* _Exercise requirements_: Please, without any pictures, set down exactly the part of the listing below that opens with the line containing "步科fd124s-cb-000伺服驱动器有22台货号货号，打" and closes with the line containing "Subito a casa".

* _Available records_:
"""

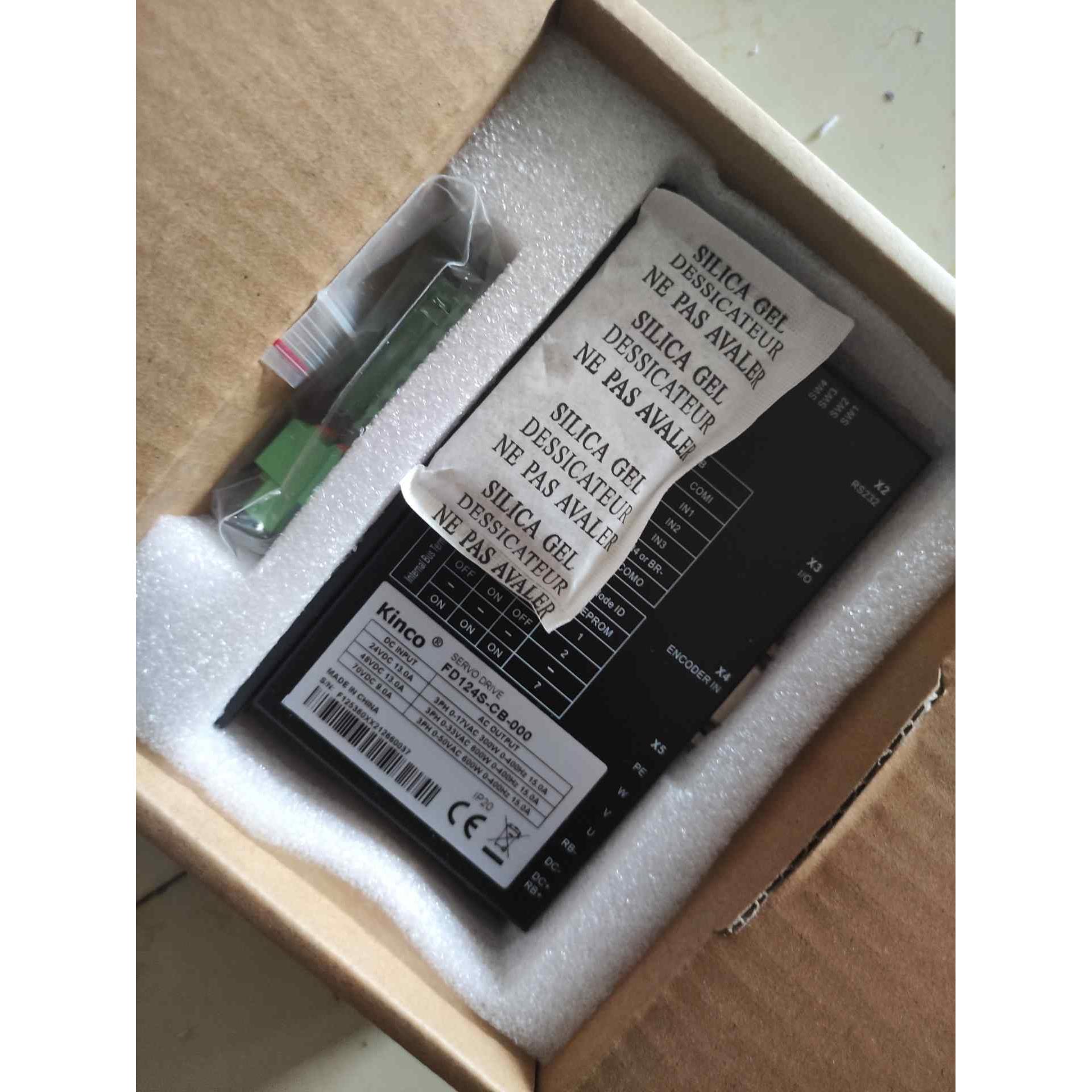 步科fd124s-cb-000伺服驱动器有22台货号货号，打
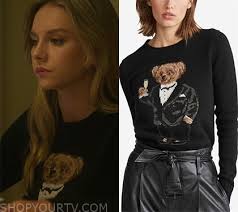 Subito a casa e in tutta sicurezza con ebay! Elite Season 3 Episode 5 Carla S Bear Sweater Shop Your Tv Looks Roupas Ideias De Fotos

"""
"""

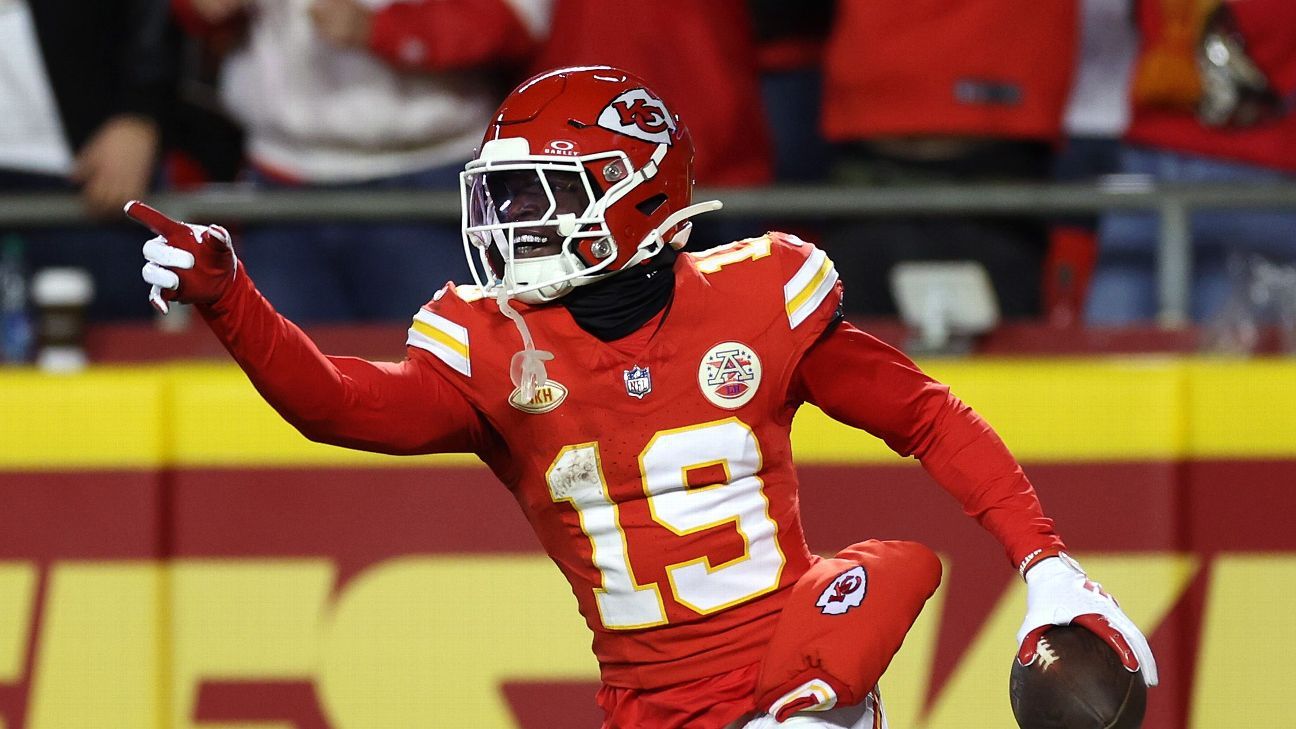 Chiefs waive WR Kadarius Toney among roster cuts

"""

* _Solution for this exercise_:
 步科fd124s-cb-000伺服驱动器有22台货号货号，打
 Subito a casa e in tutta sicurezza con ebay! Elite Season 3 Episode 5 Carla S Bear Sweater Shop Your Tv Looks Roupas Ideias De Fotos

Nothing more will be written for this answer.